Thank you So much!  I love these little tops and have made lots for charity, now I can make some more with sleeves which I have wanted to do for a while. You're just great!!!


----------



## mbilsbrough (Dec 6, 2012)

Thanks Marianna - love the sweaters. I have just finished 2 of the short sleeved version in the 20-22" chest size , do you have any plans to create a pattern for the long sleeve sweater in the bigger sizes - please? :lol:


----------



## Marly (Dec 5, 2012)

mbilsbrough said:


> Thanks Marianna - love the sweaters.
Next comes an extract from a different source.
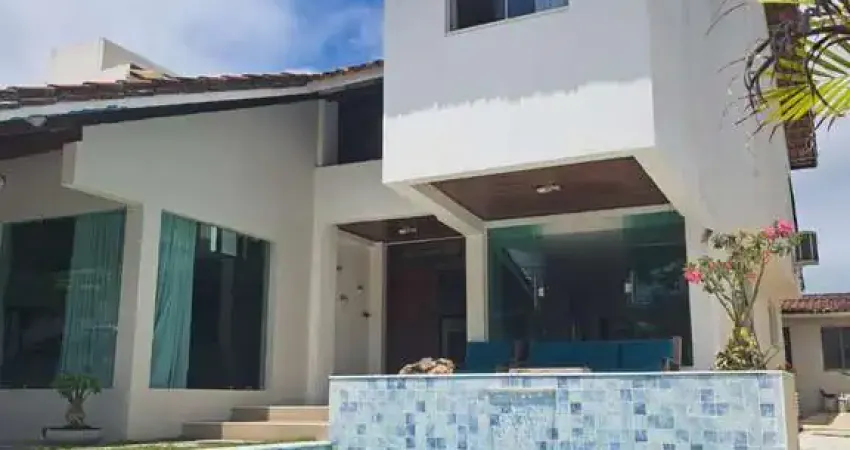Casa com 4 quartos para alugar na Alameda Praia de Cacha Prego, Vilas do Atlantico, Lauro de Freitas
I have just finished 2 of the short sleeved version in the 20-22" chest size , do you have any plans to create a pattern for the long sleeve sweater in the bigger sizes - please? :lol:


I also would be interested in a pattern for the long sleeve sweater in bigger size, thanks. Marly


----------



## Squirrely Shirley (Jul 28, 2011)

Thanks for the patterns for the all one baby sweater (sleeveless and with sleeves plus the hat). I have not made them yet, but am planning to soon. There have been so many beautiful ones on this site.


----------



## Brendij (Jul 14, 2012)

Thank you for sharing the long sleeve pattern of this beautiful sweater! I can't wait to cast-on!


----------



## NJQuiet1 (Feb 15, 2013)

Thank you so much for generously sharing your wonderful patterns with us!


----------



## Nancylynn1946 (Nov 19, 2012)

Thank you for sharing. Love the sweater.


----------



## bhappy41b (Feb 18, 2011)

Thank you for the pattern.


----------



## Alimac (Jun 6, 2013)

Thank you so much


----------



## Knittingkitty (Sep 25, 2011)

Gorgeous, thank you so much for the free pattern!


----------



## oge designs (Aug 14, 2012)

Looks great


----------



## Lorinda (Dec 26, 2013)

Thank you for being so kind and sharing with us all. Everyone loves these!


----------



## marianna mel (Sep 26, 2013)

Well....... you all seem happy! And that makes me happy too! :-D 

And yes - bigger sizes to follow :lol: just need a little more time ......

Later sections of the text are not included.